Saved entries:
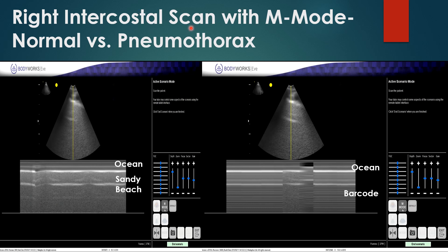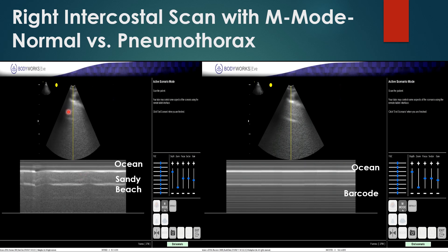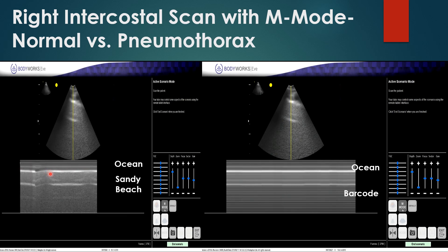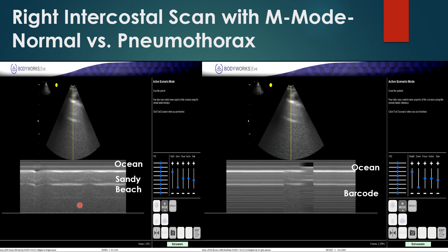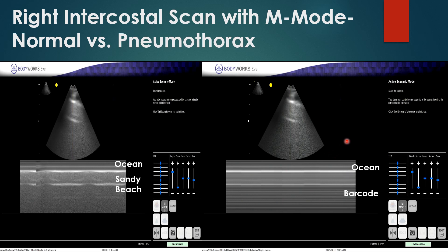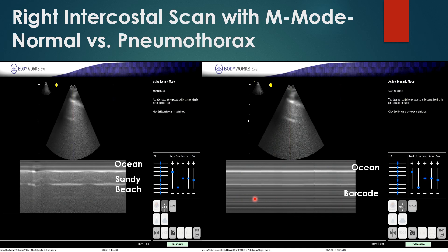For evaluating pneumothorax, in addition to standard 2D or B-mode scanning, you can use M-mode, where a slice is taken through the 2D image. In normal lung, you have the parietal and visceral pleura: above the pleural line you get an 'ocean' effect — stable with no real movement — and below it a 'sandy beach' pattern, which is speckled, indicating lung movement. In pneumothorax, you still have the ocean above the pleural line, but instead of a sandy beach, you get a 'barcode' pattern because nothing is moving — everything is stable and consistent.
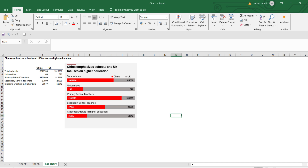Hello everyone, welcome back to my YouTube channel. In today's video we'll see how we can create this type of chart in Excel and make a bar graph look more beautiful. This data is fictitious and has been prepared specifically for this example and it does not represent any real statistics.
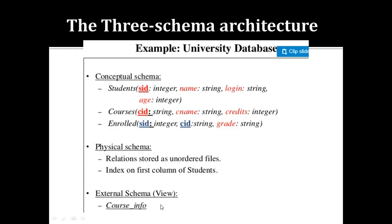The external schema is the view level, showing only part of the entire database. For example, if you want to see only course information from the database system, the external schema — the external view shown to the end user — will show only course-related information. That is the part of the particular data the user requires.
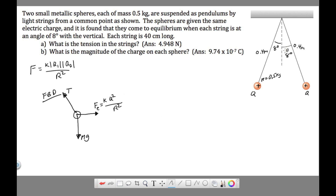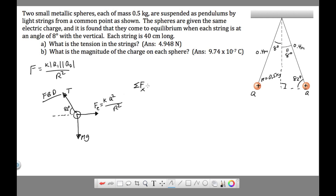Since this angle is 8 degrees, making a triangle here, this side is 90 degrees which means the complementary angle in the diagram is 82 degrees. That's the free body diagram. The next step is to sum the forces in the x-direction and the y-direction.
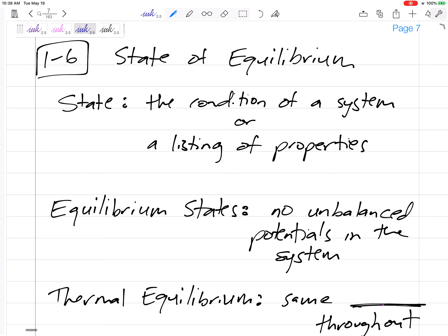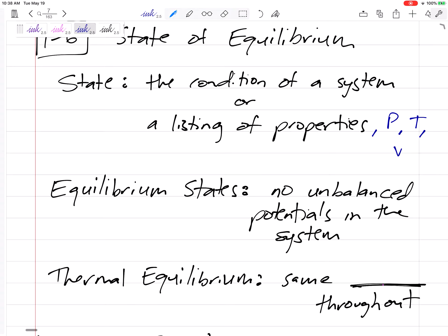A few more definitions: section 1-6, state of equilibrium. A state is a condition or a listing of the properties. So the state of my system just tells me what is my system like — what is the pressure, the temperature, the specific volume of my system. If I can list off the properties of my system, that is the state of my system.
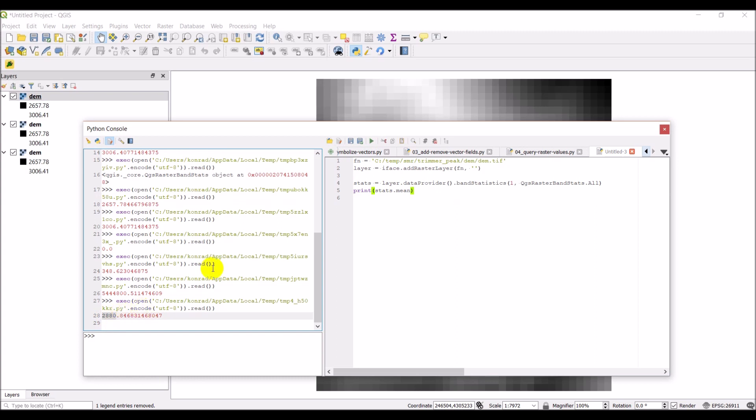So, that's a quick overview of the QGIS raster band stats with PyQGIS. Once again, I'm not sure why this is not working with just min, max. But I guess the point is that if you do this, you're going to get the values you need. I'm not sure why that is. I'll look into that. And if I figure it out, I'll let you know why. I want to point out one more thing to you on the website here.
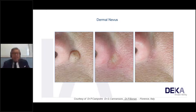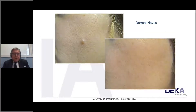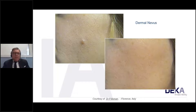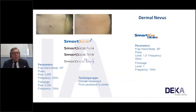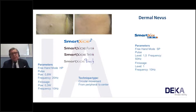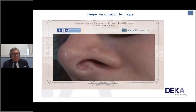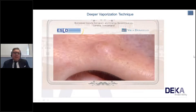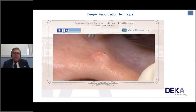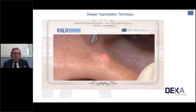A dermal nevus on the middle of the cheek is a very delicate area. Parameters with the new system: freehand mode HP pulse, 0.8 watts, 20 Hz. With the previous system: SP pulse, level 1.5, 50 Hz. In the video, we start by vaporizing the top of the dermal nevus, then reduce the thickness progressively.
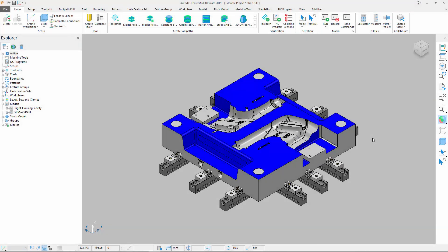This quick video will show you three different keyboard shortcuts that will make programming in Autodesk PowerMill faster and more efficient. First shortcut.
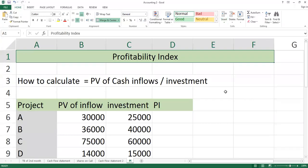Today I am discussing profitability index. Investment analysis is one of the very basic and fundamental methods.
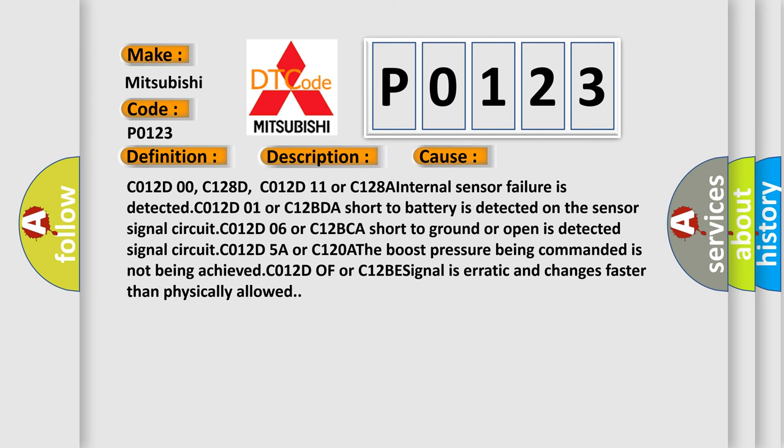C012D00, C128D, C012D11 or C128A: Internal sensor failure is detected. C012D01 or C12BDA: short to battery is detected on the sensor signal circuit. C012D06 or C12BCA: short to ground or open is detected on signal circuit. C012D5A or C120A: The boost pressure being commanded is not being achieved. C012D0F or C12BE: signal is erratic and changes faster than physically allowed.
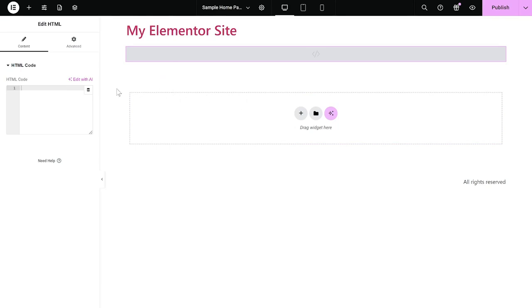Now, in the HTML window on the left panel, simply paste the code you've copied before. And that's it.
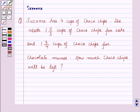Hello and welcome to the session. In this session, we will discuss a question which says that Suzanne has 4 cups of choco chips. She needs 1 and 2 by 3 cups of choco chips for cake and 1 and 3 by 4 cups of choco chips for chocolate mousse. How much choco chips will be left?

• **Exercise instructions**
The reply should hold every line of the records unchanged and no pictures.

• **Answer section**
For evaluating pneumothorax, in addition to standard 2D or B-mode scanning, you can use M-mode, where a slice is taken through the 2D image. In normal lung, you have the parietal and visceral pleura: above the pleural line you get an 'ocean' effect — stable with no real movement — and below it a 'sandy beach' pattern, which is speckled, indicating lung movement. In pneumothorax, you still have the ocean above the pleural line, but instead of a sandy beach, you get a 'barcode' pattern because nothing is moving — everything is stable and consistent.
Hello everyone, welcome back to my YouTube channel. In today's video we'll see how we can create this type of chart in Excel and make a bar graph look more beautiful. This data is fictitious and has been prepared specifically for this example and it does not represent any real statistics.
The external schema is the view level, showing only part of the entire database. For example, if you want to see only course information from the database system, the external schema — the external view shown to the end user — will show only course-related information. That is the part of the particular data the user requires.
Since this angle is 8 degrees, making a triangle here, this side is 90 degrees which means the complementary angle in the diagram is 82 degrees. That's the free body diagram. The next step is to sum the forces in the x-direction and the y-direction.
A few more definitions: section 1-6, state of equilibrium. A state is a condition or a listing of the properties. So the state of my system just tells me what is my system like — what is the pressure, the temperature, the specific volume of my system. If I can list off the properties of my system, that is the state of my system.
So, that's a quick overview of the QGIS raster band stats with PyQGIS. Once again, I'm not sure why this is not working with just min, max. But I guess the point is that if you do this, you're going to get the values you need. I'm not sure why that is. I'll look into that. And if I figure it out, I'll let you know why. I want to point out one more thing to you on the website here.
A dermal nevus on the middle of the cheek is a very delicate area. Parameters with the new system: freehand mode HP pulse, 0.8 watts, 20 Hz. With the previous system: SP pulse, level 1.5, 50 Hz. In the video, we start by vaporizing the top of the dermal nevus, then reduce the thickness progressively.
This quick video will show you three different keyboard shortcuts that will make programming in Autodesk PowerMill faster and more efficient. First shortcut.
Today I am discussing profitability index. Investment analysis is one of the very basic and fundamental methods.
C012D00, C128D, C012D11 or C128A: Internal sensor failure is detected. C012D01 or C12BDA: short to battery is detected on the sensor signal circuit. C012D06 or C12BCA: short to ground or open is detected on signal circuit. C012D5A or C120A: The boost pressure being commanded is not being achieved. C012D0F or C12BE: signal is erratic and changes faster than physically allowed.
Now, in the HTML window on the left panel, simply paste the code you've copied before. And that's it.
Hello and welcome to the session. In this session, we will discuss a question which says that Suzanne has 4 cups of choco chips. She needs 1 and 2 by 3 cups of choco chips for cake and 1 and 3 by 4 cups of choco chips for chocolate mousse. How much choco chips will be left?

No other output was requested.